- Born: September 13, 1907 London, England
- Died: January 24, 1995 (aged 87)
- Education: Heatherley School of Fine Art, Académie Julian
- Known for: illustration on book dustjackets
- Movement: Surrealism

= Victor Reinganum =

British artist (1907–1995)

Victor Reinganum (1907–1995) was a British artist and illustrator, probably best known for his illustrations on book dustjackets, including the first editions of Muriel Spark's The Ballad of Peckham Rye (1960) and The Prime of Miss Jean Brodie (1961).

Reinganum was born in London, England, on 13 September 1907 and died on 24 January 1995, aged 87.

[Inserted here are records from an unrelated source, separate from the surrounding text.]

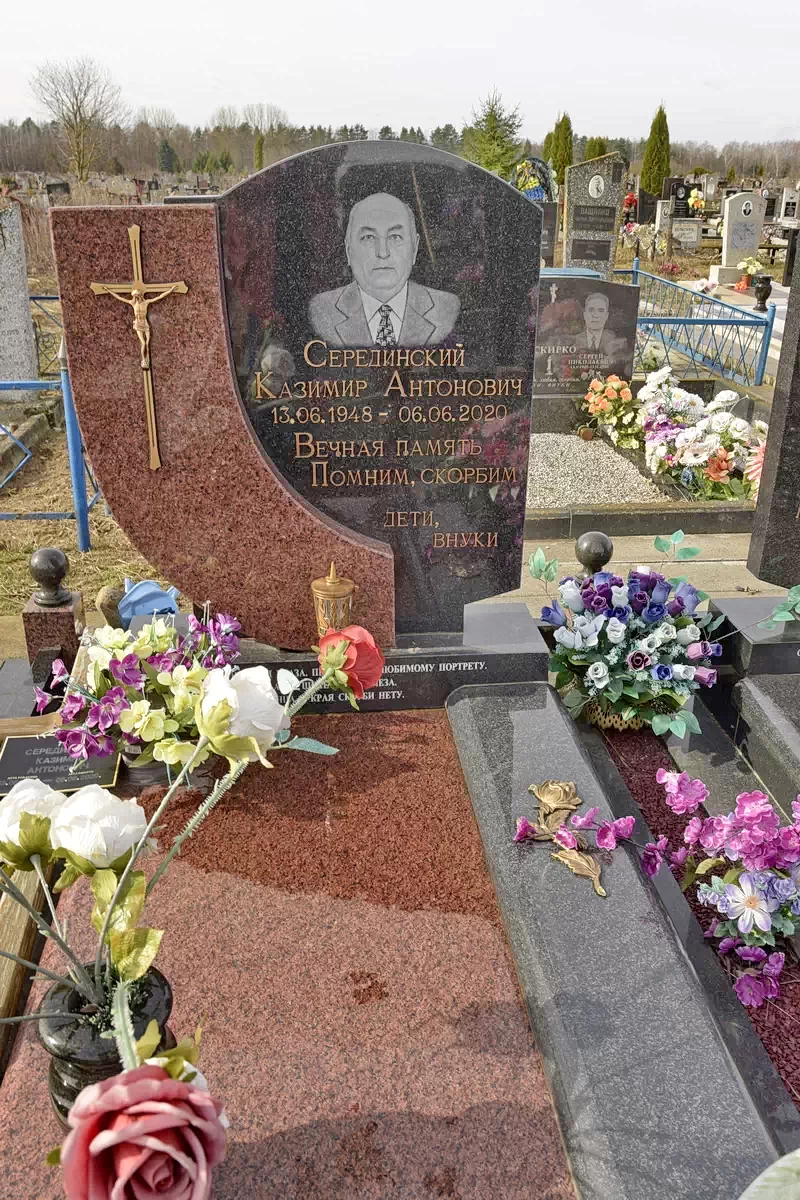 Форма одиночного памятника 8135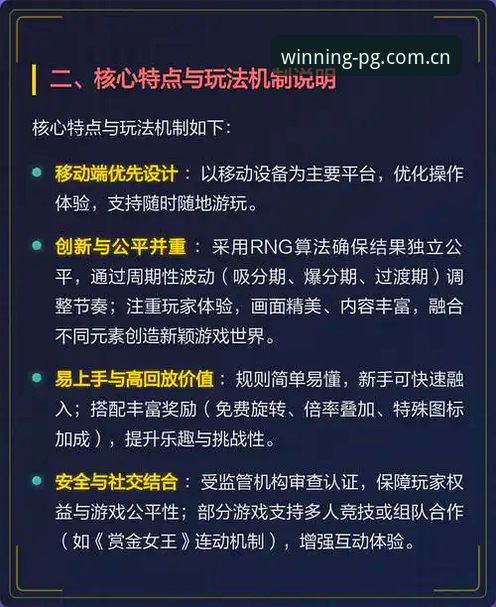 pg电子游戏下载 pg电子游戏下载全面解析:问鼎娱乐平台玩法与技巧详解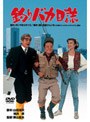  釣りバカ日誌 （期間限定）でDMMアフィリエイトツール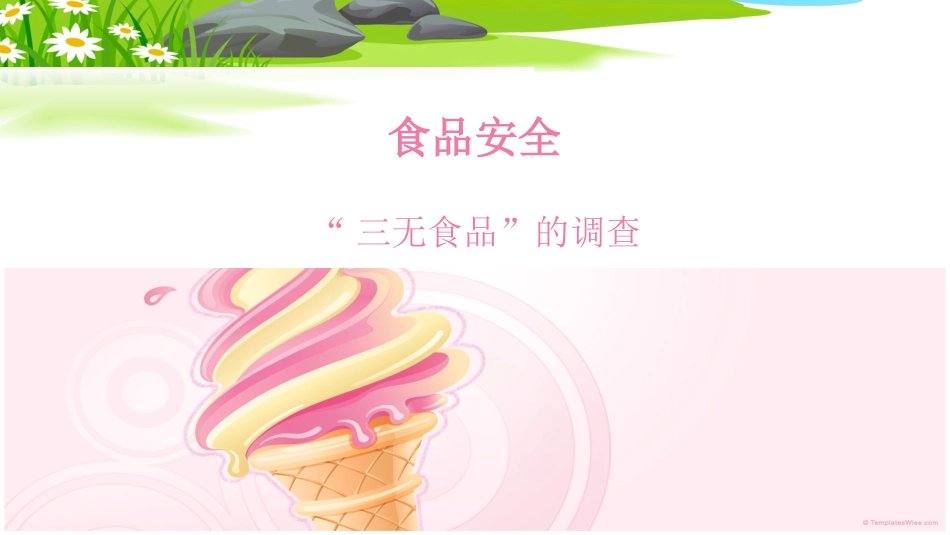 三无食品课件_第1页
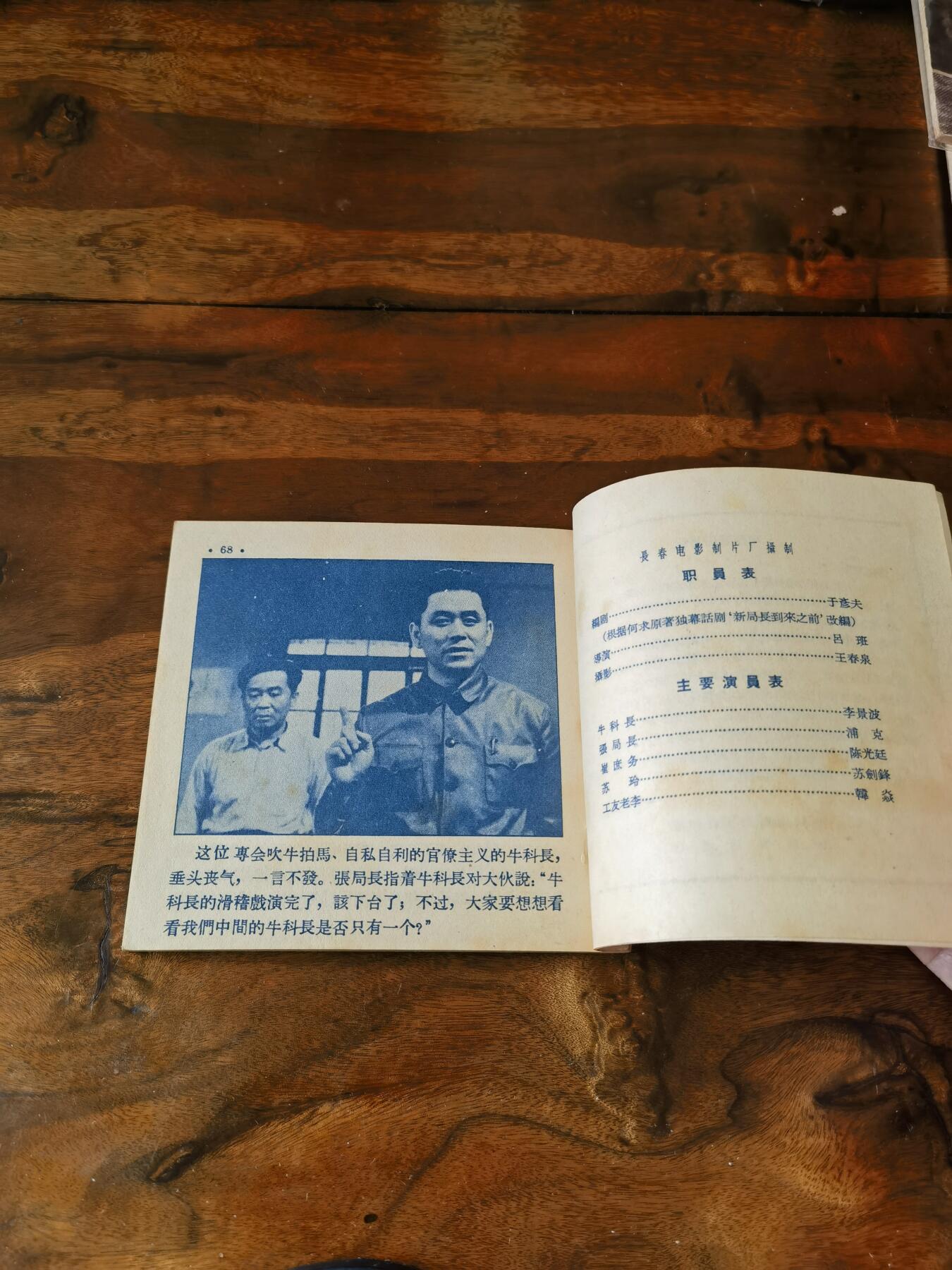 五六十年代老版经典老电影绘画连环画拍卖会 新局长到来之前1956年48开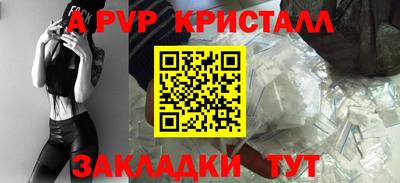 СК Заволжье
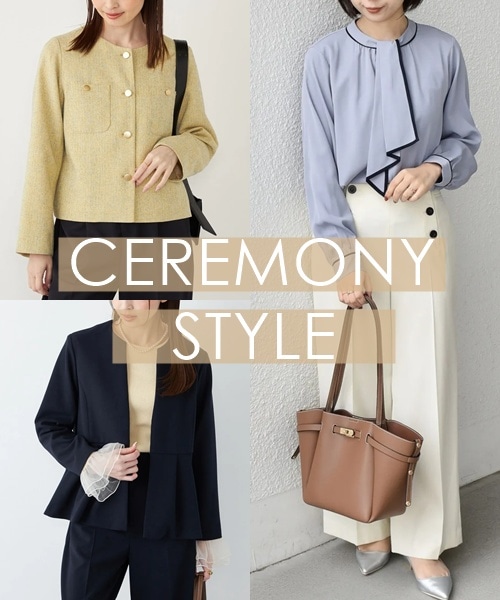 �n���̓��A�i�ǂ����܂�y�Z�����j�[�X�^�C���z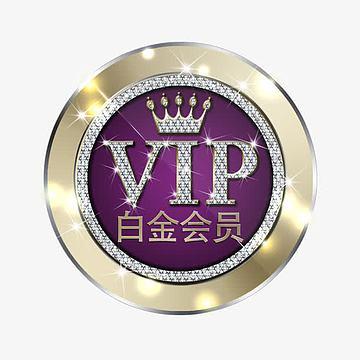 白金会员升级超级会员缩略图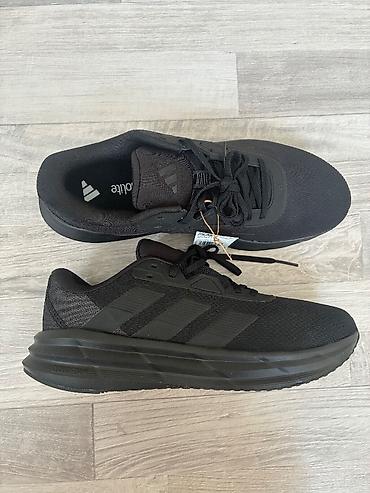 ultra boost: Мужские кроссовки, 42.5, Adidas, Новый, цвет - Черный, Самовывоз — 4
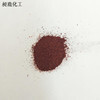 Direct brown D3G, cotton glue, red brown dye for export to Central Asia, Pakistan, Egypt, etc.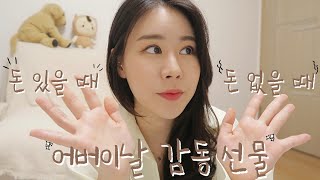 어버이날 선물 | 부모님 감동시켜드리기❣️ (feat.돈꽃다발 만드는 법💐)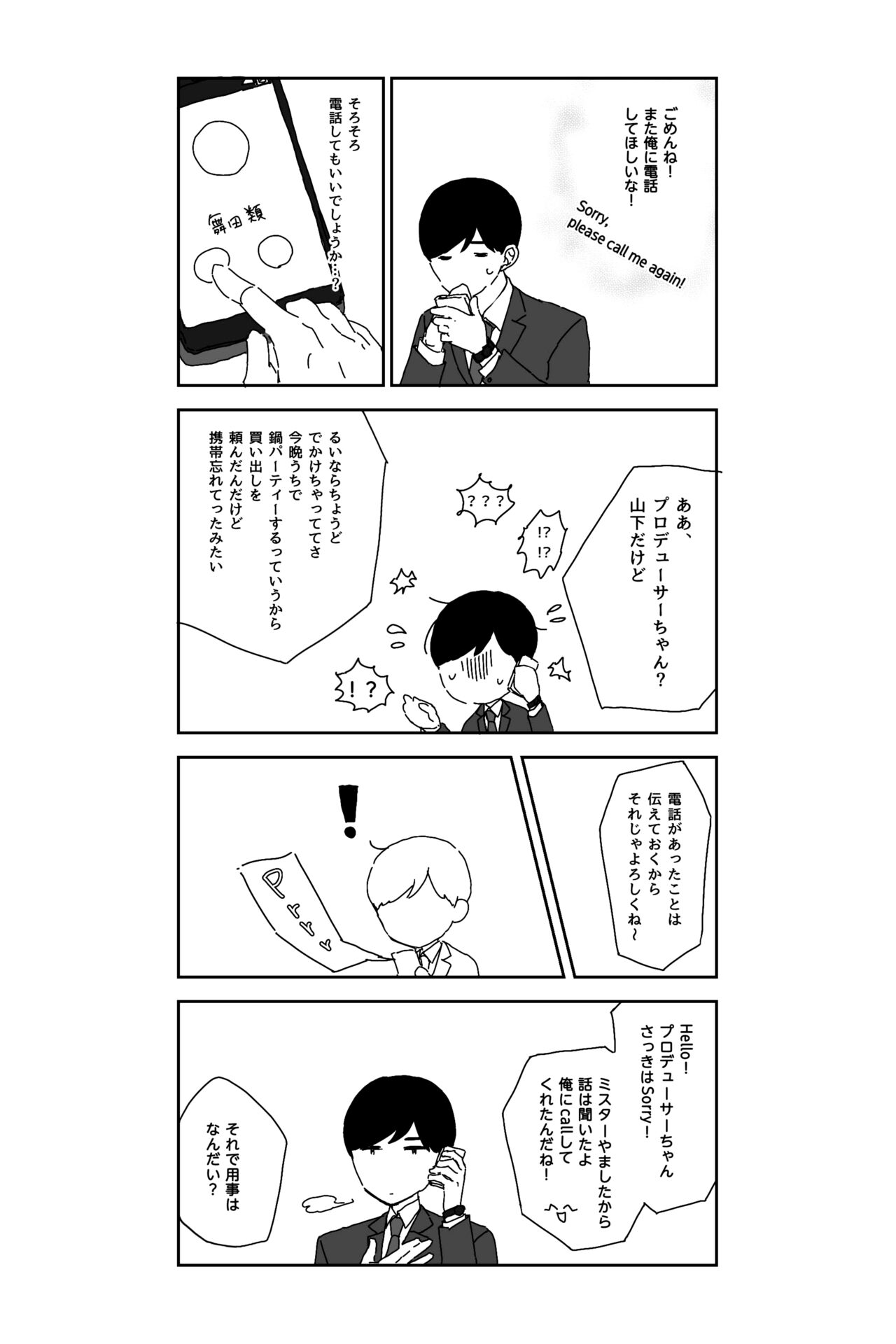 ※創作P - Page 60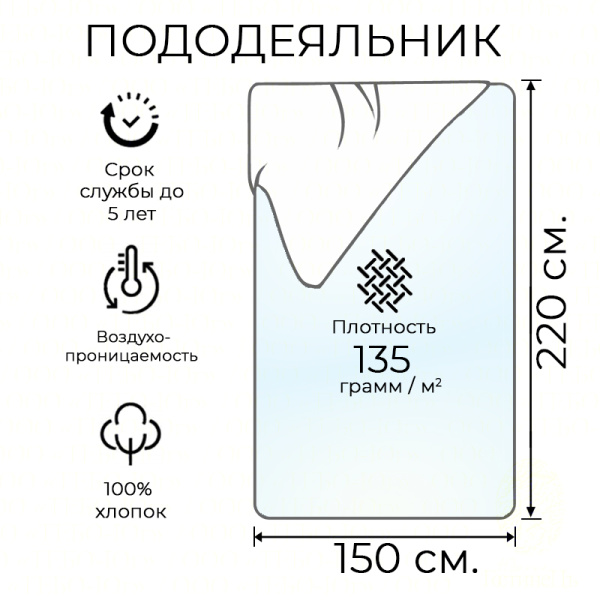 Пододеяльник сатин гладь 150*220 HS (135 г.)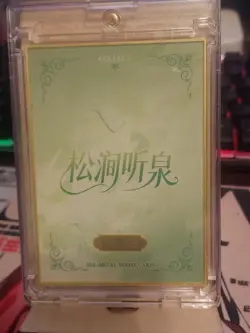 One Piece CCG Vivi Serialized Metal Card From Songjian numbered 25/68 - Image 2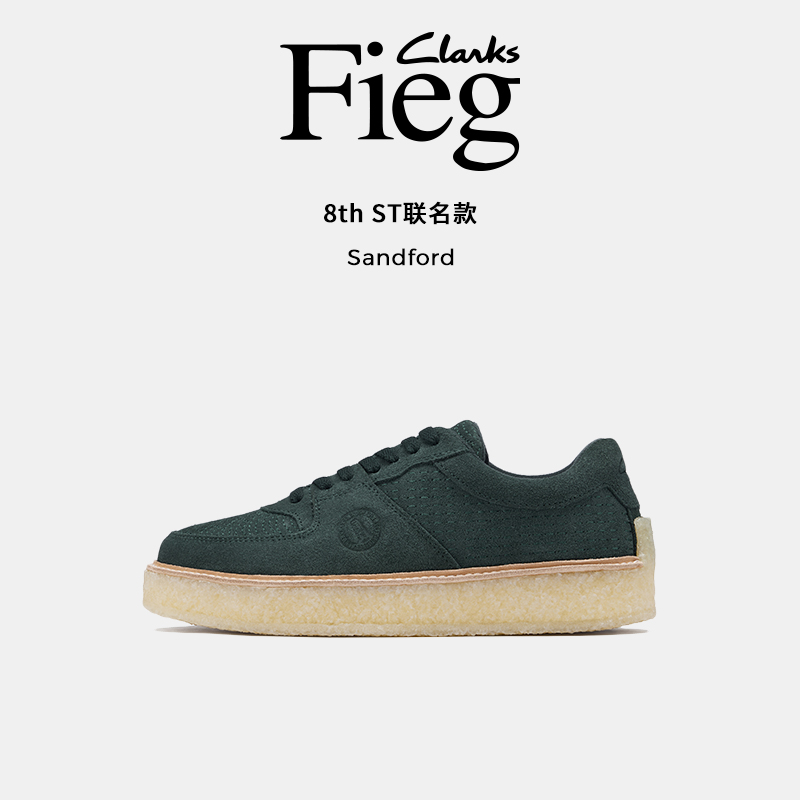 Clarks其乐Originals 8th ST联名款桑弗运动鞋男鞋潮流复古休闲鞋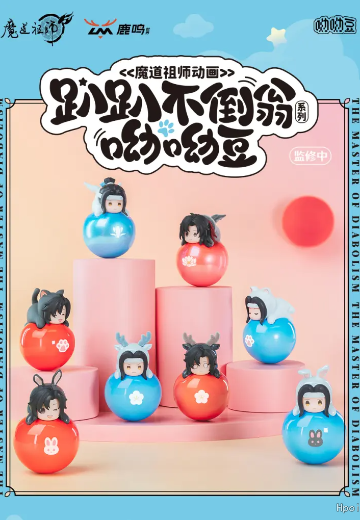魔道祖师 魏无羡与蓝忘机 趴趴不倒翁呦呦豆 Q版手办 | Hpoi手办维基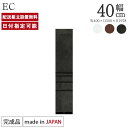 パモウナ 食器棚 幅40cm 奥行50cm 高さ198cm EC 完成品 棚 国産 日本製 キッチンボード ダイニングボード カップボード サイドボード 食器収...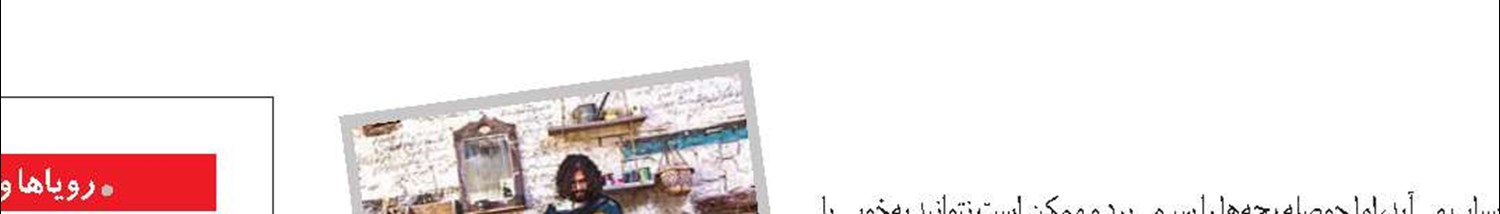 اژدها در سینما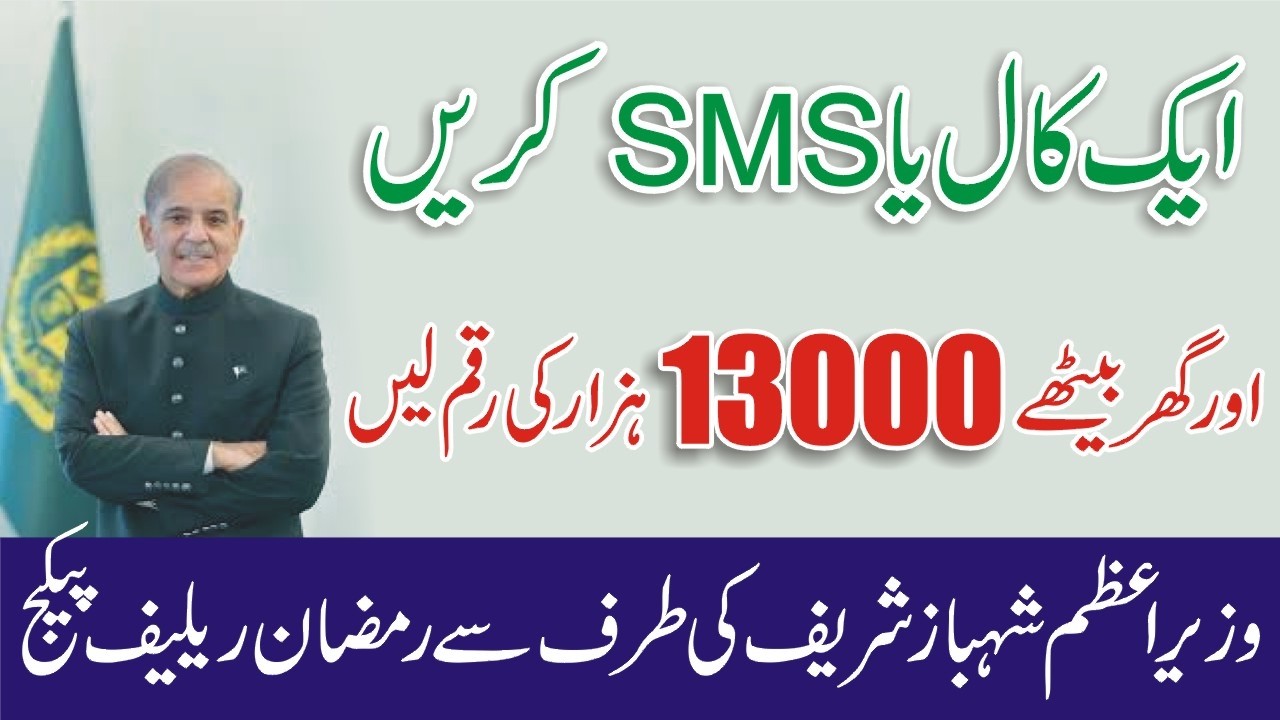 9999 SMS Karne Ka Tarika - 9999 Per Call Kaise Karen - 9999 PM Shehbaz Sharif Ramzan Package Scheme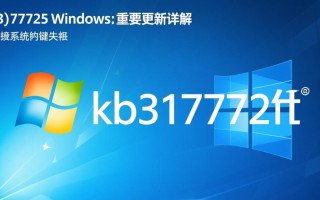 KB3177725补丁对Windows系统有什么影响？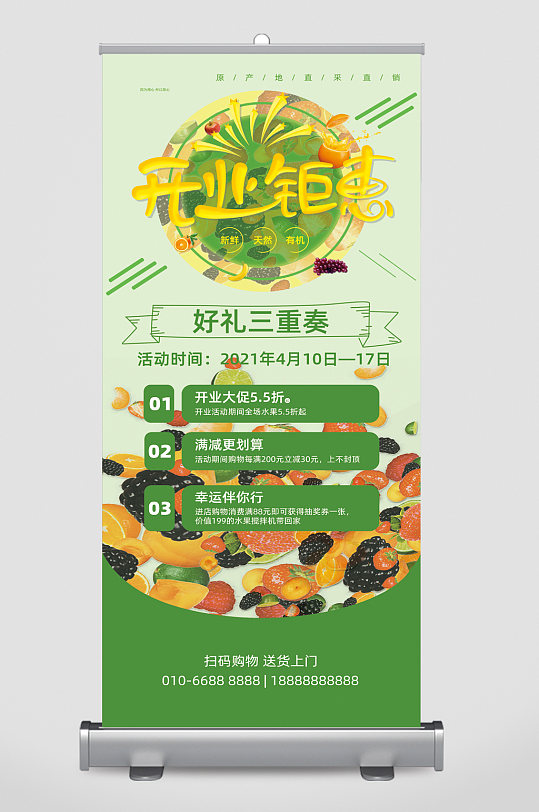 电商大促果蔬生鲜轮播水果banner夏季大促销宣传展板水果6812369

During 1925–1928, Reinganum studied at Heatherley School of Fine Art and the Académie Julian, Paris, also taking private lessons with Léger. In 1928, he joined Elstree Studios and was an art director there until 1929 when he became a freelance illustrator. He was a prolific contributor to the Radio Times, including the cover of at least one Christmas issue. In 1960 he designed the first Radio Times cover to mark the Eurovision Song Contest.

The book Surrealism in England – 1936 and After (1986) says of him:

"Victor Reinganum is Surrealist on the outside or not at all – Born London 1907 – Never a member of any Surrealist group, his work shared a certain terrain with Tunnard, a poetic abstraction on the frontiers of figuration often using biomorphic forms. Originally more known for his illustrations, latterly he has had other works included in retrospective Surrealist shows."